Keeping the people on sex offender registries as far away from children as possible is a political winner if there ever was one, which may be why the Dallas suburb of Grapevine’s city council passed an ordinance last week that made it illegal for anyone on the state’s sex offender registry to “establish a permanent or temporary residence within 2,000 feet of any premises where children commonly gather.” The ordinance goes on to define those premises as “a park, playground, school, day care facility, video arcade facility, public or private youth center, registered home daycare, recreational hiking and biking trails, or public swimming pool,” though it also notes that it’s not limited to merely those locations.
The Dallas Observer made some salient points about what that means in Grapevine:
Look at a map of Grapevine, take note of all the parks and schools and kid-centric businesses, add in about 20 licensed child care centers, several of them operating out of people’s homes, and a registered sex offender’s housing options more or less disappear.
Maybe that’s what the City Council was after. It’s an understandable impulse, keeping the most thoroughly despised class of criminal out of one’s city. But a 2,000-foot buffer is excessive and, research suggests, will do nothing to make the children of Grapevine any safer.
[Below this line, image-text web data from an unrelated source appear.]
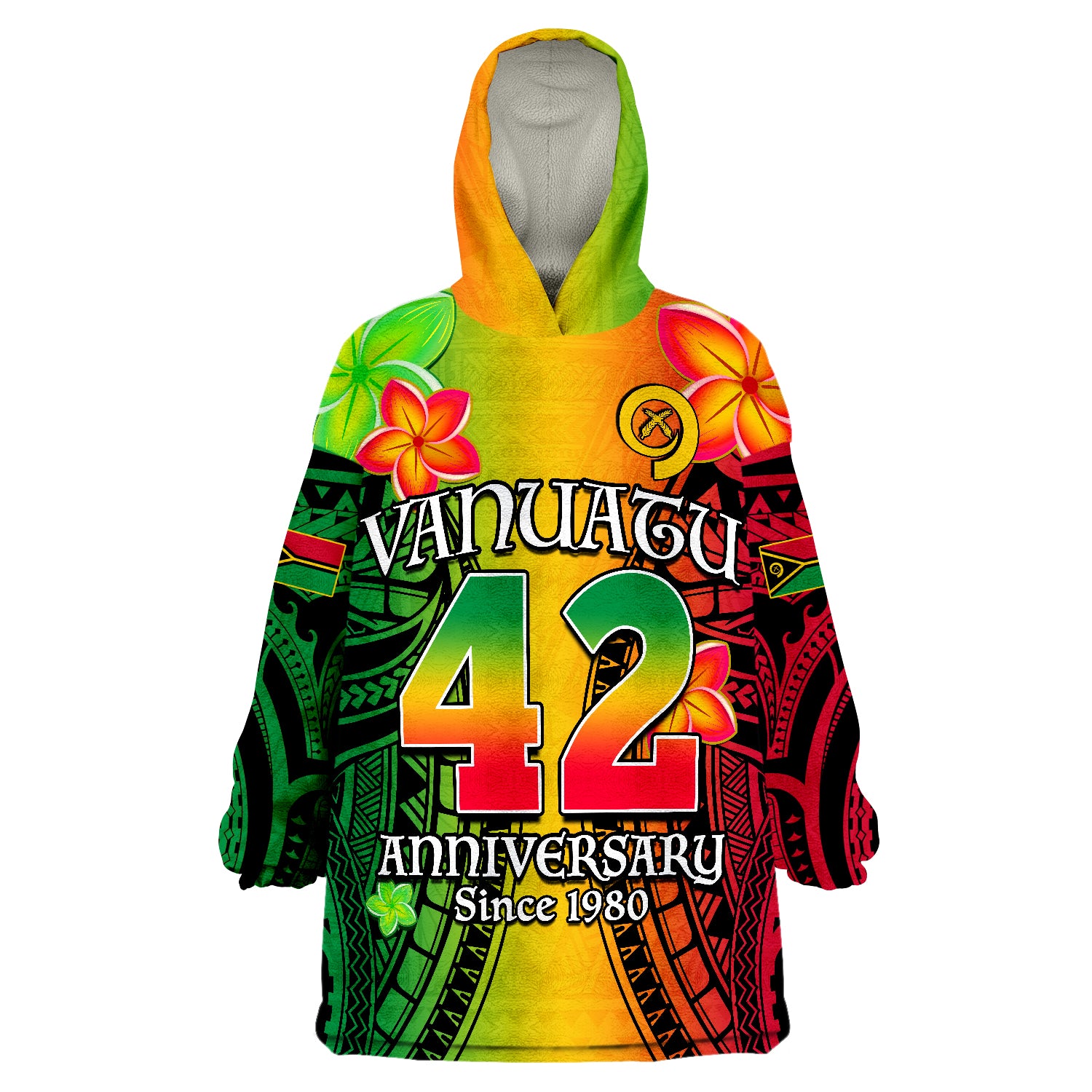 Vanuatu 1980 Long God Yumi Stanap Happy 42nd Independence Anniversary Wearable Blanket Hoodie - Wonder Print Shop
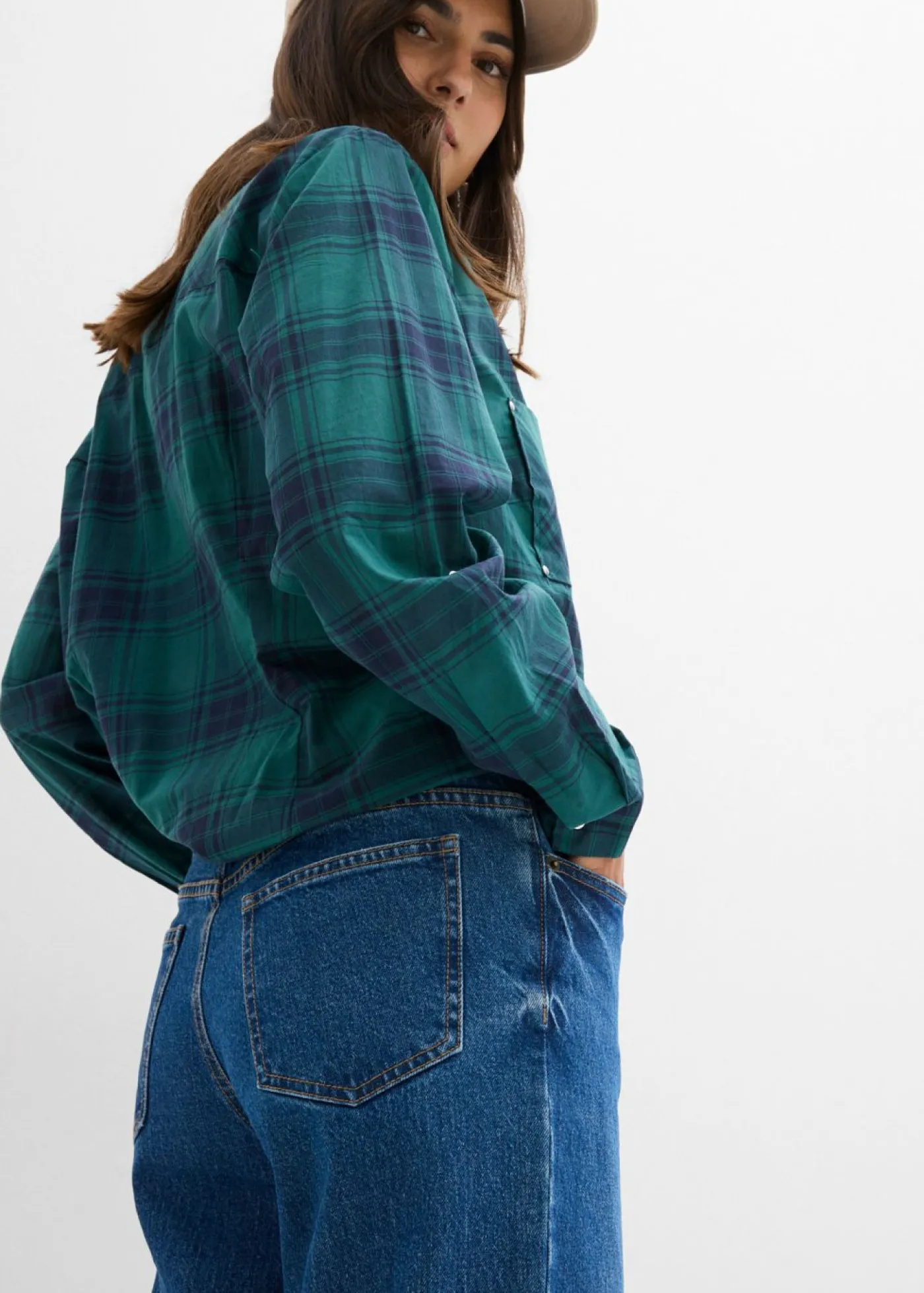 bonprix bonprix Vaqueros holgados con talle medio y corte recto Azul piedra usado Outlet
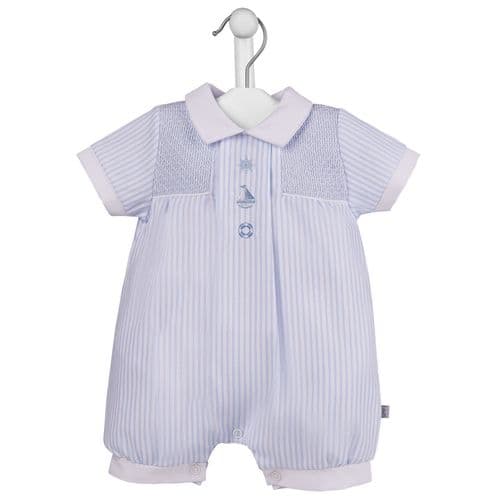 Dandelion Smocked Pique Nautical Romper - AV6105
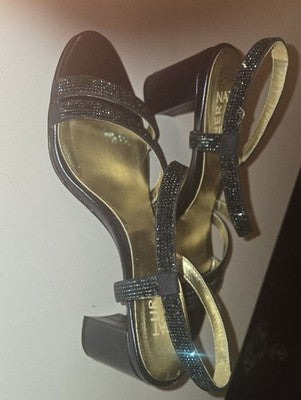 Naturalizer Black Glimmer Strappy Slingback Heels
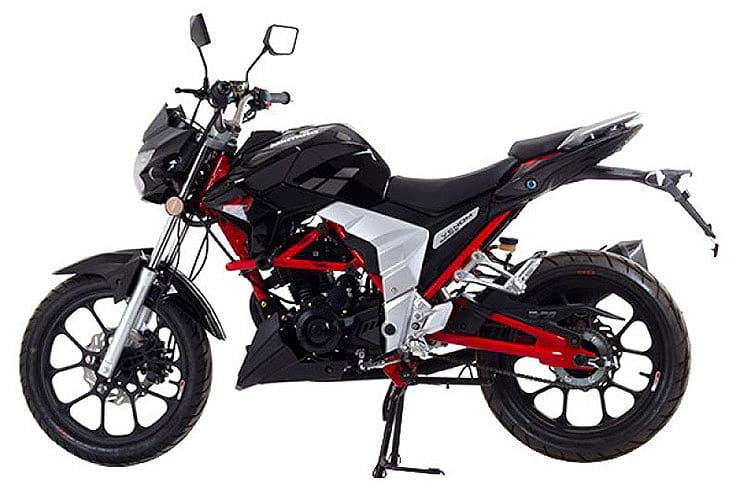 The Chinese 125cc learner bike with built-in sound system rideable on an A1 licence that’s cheap to run. Just £1800.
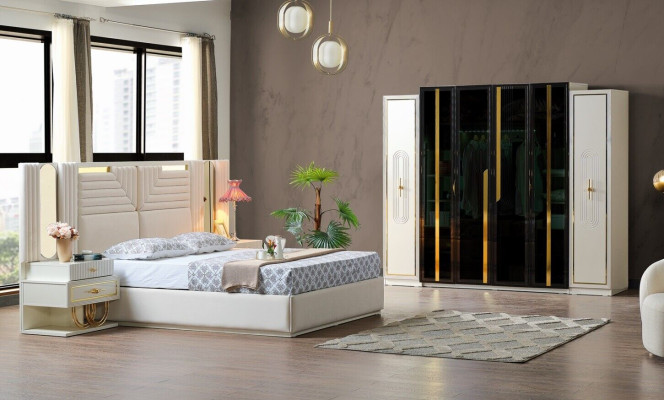 Modern Bedroom Set Bed + 2x Bedside tables + Wardrobe Design Furniture 4 pcs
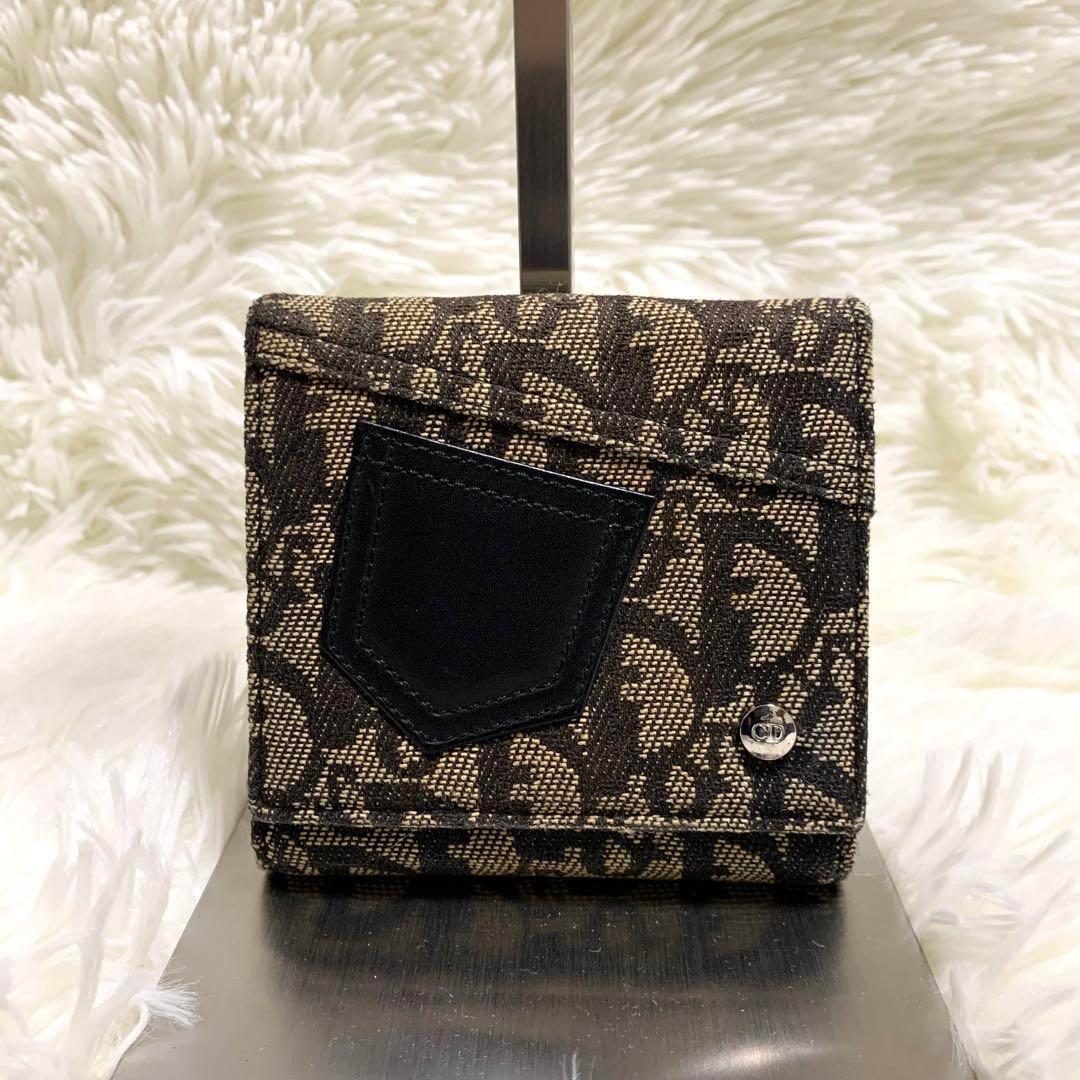 美品✨ディオール 二つ折り財布 トロッター Wホック レザー キャンバス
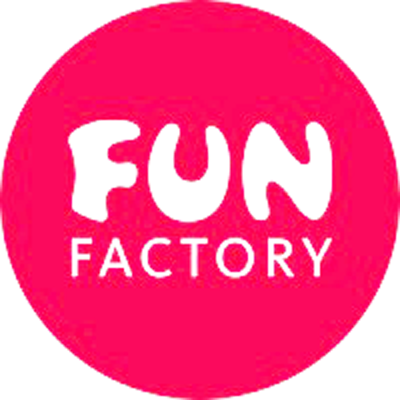 Logotipo circular vermelho com texto branco 'FUN FACTORY'.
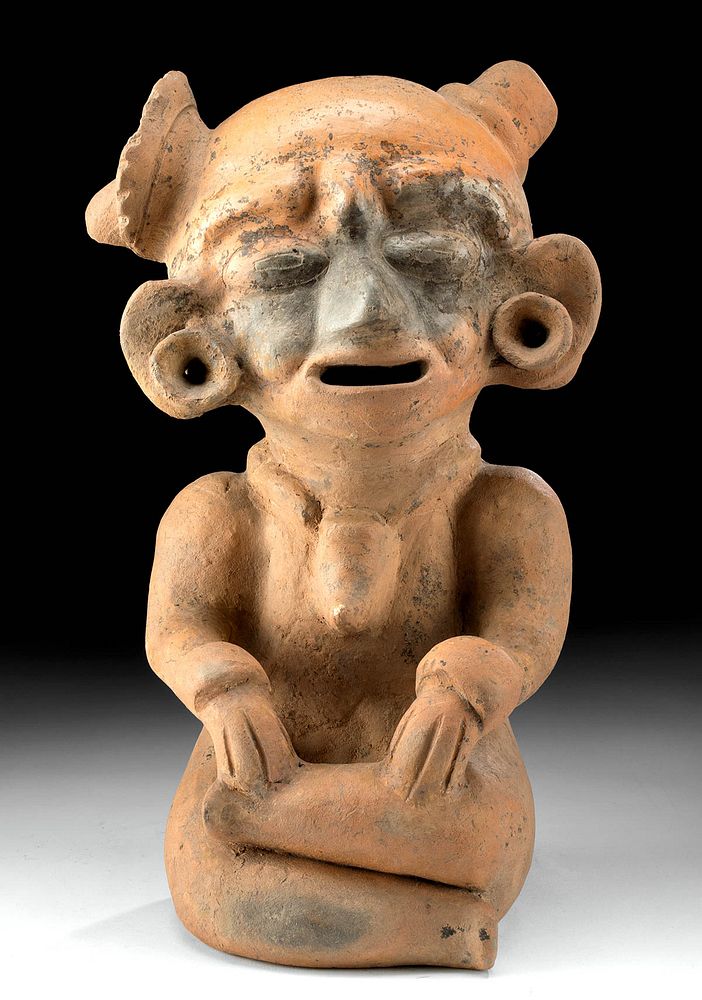 Appraisal: Guangala Pottery Seated Priest Figure Pre-Columbian Ecuador Guangala culture ca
The Observer goes on to cite studies that found that the larger risk children face comes from relatives or trusted caregivers, rather than “stranger danger,” which is relevant here. But what’s also important to remember about this is that restricting people on the sex offender registry isn’t necessarily the same thing as isolating the worst-of-the-worst criminals.
The Sex Offender Registry in Texas isn’t the most draconian when it comes to what can land a person on it; at the very least, we’re not one of the thirteen states that can require registration for public urination. The state’s law do seem relatively reasonable (Texas requires offenders from other states to register if there’s a comparable offense under Texas law). But it’s worth noting that there are shades of gray in the way the law is applied.
Consider this example. The St. Louis Post-Dispatch ran a column yesterday from Pamela Dorsey, the mother of a boy who had been placed on the registry for something he did when he was fourteen:
At age 14, Zach was coming into his sexuality. Like many of his friends, he searched the Internet for girls his own age. But girls his age in sexually explicit pictures are classified as child pornography. When he downloaded them, he had no idea he was breaking the law. He believed that if something was readily available on the Internet, it must be OK.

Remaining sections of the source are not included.